The AI compute market is seeing somewhat of a renaissance with the boom in generative AI. At the same time, research into alternative methods of accelerating AI workloads have also been in full swing. Researchers from the University of Washington, in conjunction with a researcher from Microsoft, have found a way to serve LLM workloads in a more efficient way.
They published their findings in a paper termed ‘Chiplet Cloud’, detailing their plan to build an AI supercomputer based on the chiplet manufacturing process. Compared to general-purpose GPUs, this computing model achieves a whopping 94x improvement. Even when pitted against Google’s built-for-AI TPUv4, the new architecture sees a 15x improvement.
As covered by AIM previously, the industry as a whole is moving towards specialised chip design. Following in the footsteps of companies like Cerebras, Samba Nova, and GraphCore, the chiplet cloud might just represent the future of AI compute in the enterprise.
Chiplet cloud explained
The paper describes an architecture wherein purpose-built ASIC (application specific integrated circuit) chips make up the bulk of computing power. These chips are the pinnacle of specialised chips, as seen by their adoption by Intel (Meteor Lake) and AMD (Zen). While these chipmakers use ASICs as a smaller part of their general-purpose chips, the paper proposes the whole architecture be constructed of ASICs.
By creating an ASIC optimised for maths matrix calculations, which make up the bulk of AI compute workloads, the researchers showed a huge performance increase and cost savings over GPUs. In terms of total cost of ownership per generated tokens, the chiplet cloud saw a 94x improvement over a cloud of NVIDIA’s last-gen A100 GPUs.
This cost savings mainly stems from the silicon-level optimisations that come with creating customised chips. In addition to the optimisations for maths matrix calculations, the chip also has huge amounts of memory in the form of SRAM (static random access memory). This is one of the most important parts of any system for LLM workloads, as it allows for the model to be stored in fast memory.
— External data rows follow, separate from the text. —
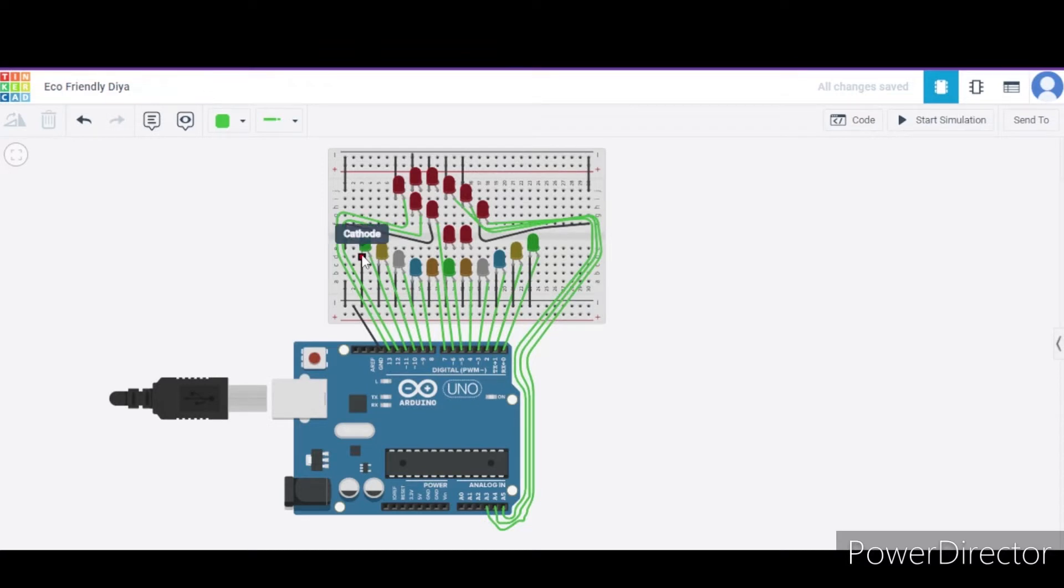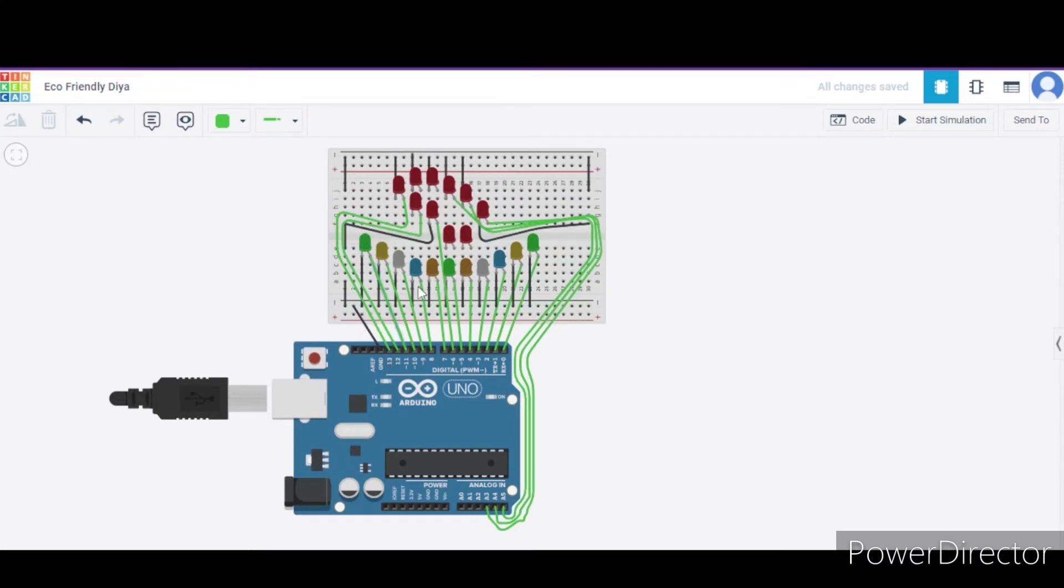We will connect all the cathode terminals of each LED to the GND pin of the Arduino, and all the anode terminals of the LEDs from pin number zero to A3, A4, and A5 pin number respectively. In this way our circuit has completed.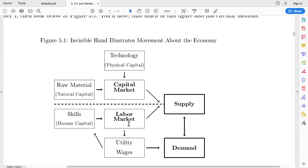On the capital market side, we break it into two components: physical capital — computers, vans, office buildings, human-made physical capital — and natural capital, which is generated primarily by nature but still serves as an input into the production function of a business. Those two things feed into the capital market, and so the capital and labor markets together enable the supply of a particular good. The fact that people are being paid wages and want to buy goods creates the demand for a product.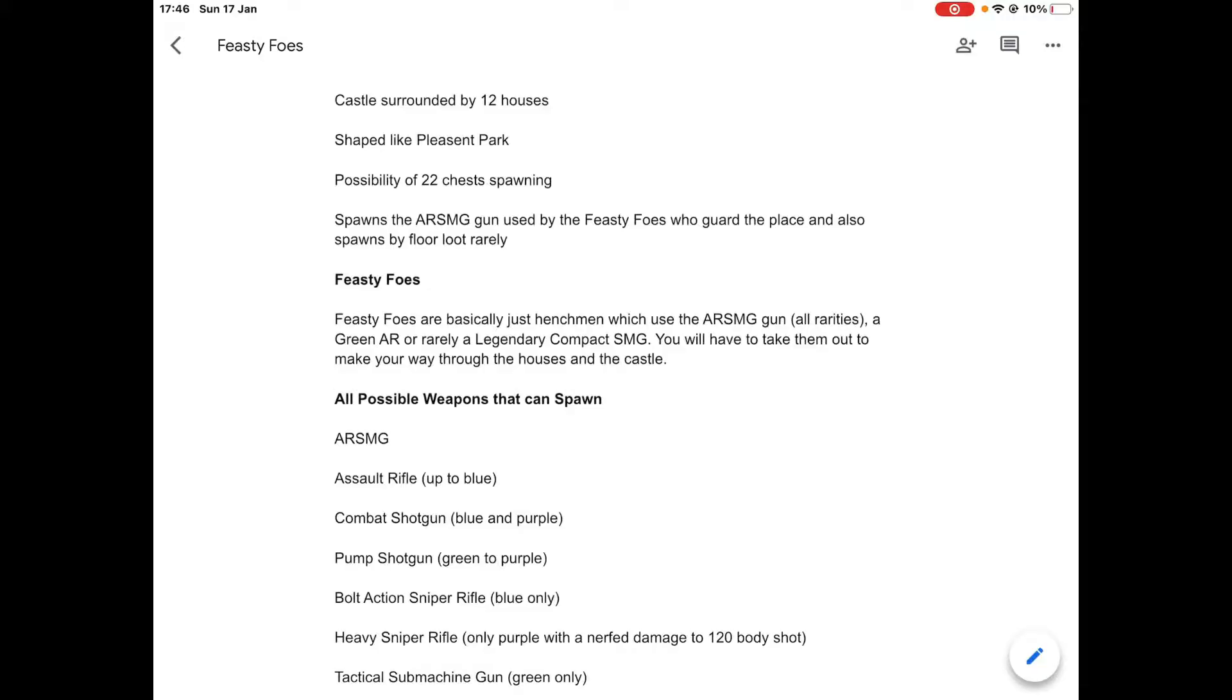What's up guys, welcome to That Gaming Nerd. Today we're going to be talking about a new location concept that I made myself. It's called Feisty Foes, a location for Fortnite, and it has a lot of cool features to it. If you enjoy, make sure to smash that like button.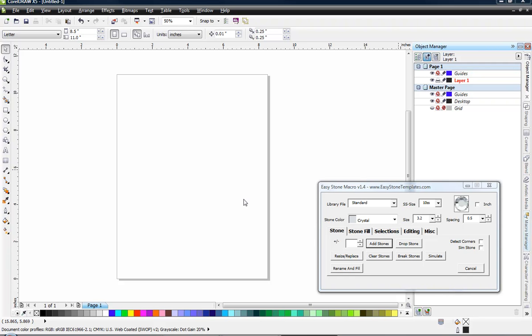In this quick start video we have a really fun project for you and that is we're going to be creating a peace sign, a multicolored, multi-sized stone peace sign. And we're going to be showcasing some tools here in Easy Stone that I think you're going to get a lot of use out of. So let's go ahead and get started.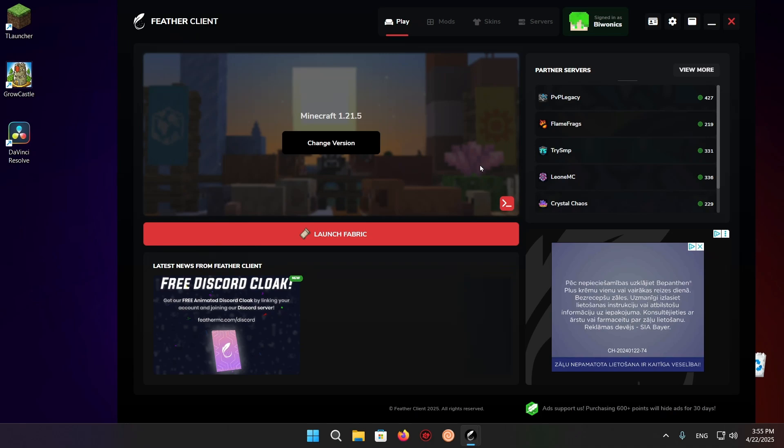Hello everyone, welcome to another Daily Minecraft video. Today I'm going to be showing you how to download and install Xero's Minimap for Fabric Client.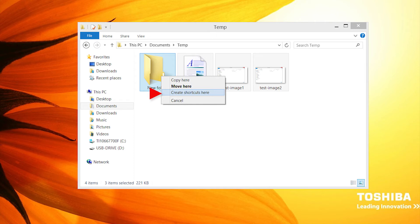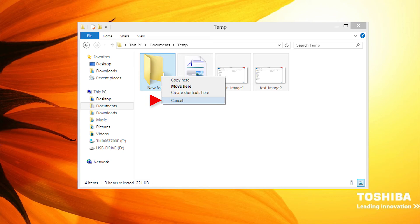And my favorite, Cancel. Cancel will allow you to abandon the entire operation, so if you did inadvertently drag the wrong files to the wrong folder, you can always choose Cancel.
This has long been an issue with GPUs, as even the fastest memory today cannot keep up with LLMs’ requirement. This leads to a phenomenon known as bottlenecking, wherein the GPU is not used to its fullest potential due to memory bandwidth constraints. The chiplet cloud does not fall prey to this issue, as it has extremely low-latency memory placed right next to the processing chips.
These chips are then connected together using a 2D torus structure, which the researchers say is flexible enough for different kinds of AI workloads. These features are only half the story, as the main benefit of introducing a chiplet cloud comes in the cost reduction.
Future of AI compute
As mentioned previously, cloud service providers are reaching into their deep pockets to fund research into specialised AI chips. AWS has Graviton and Inferentia, and Google has TPUs, but Microsoft had fallen behind, until now. This research holds the potential to change the way the enterprises approach cloud compute for AI.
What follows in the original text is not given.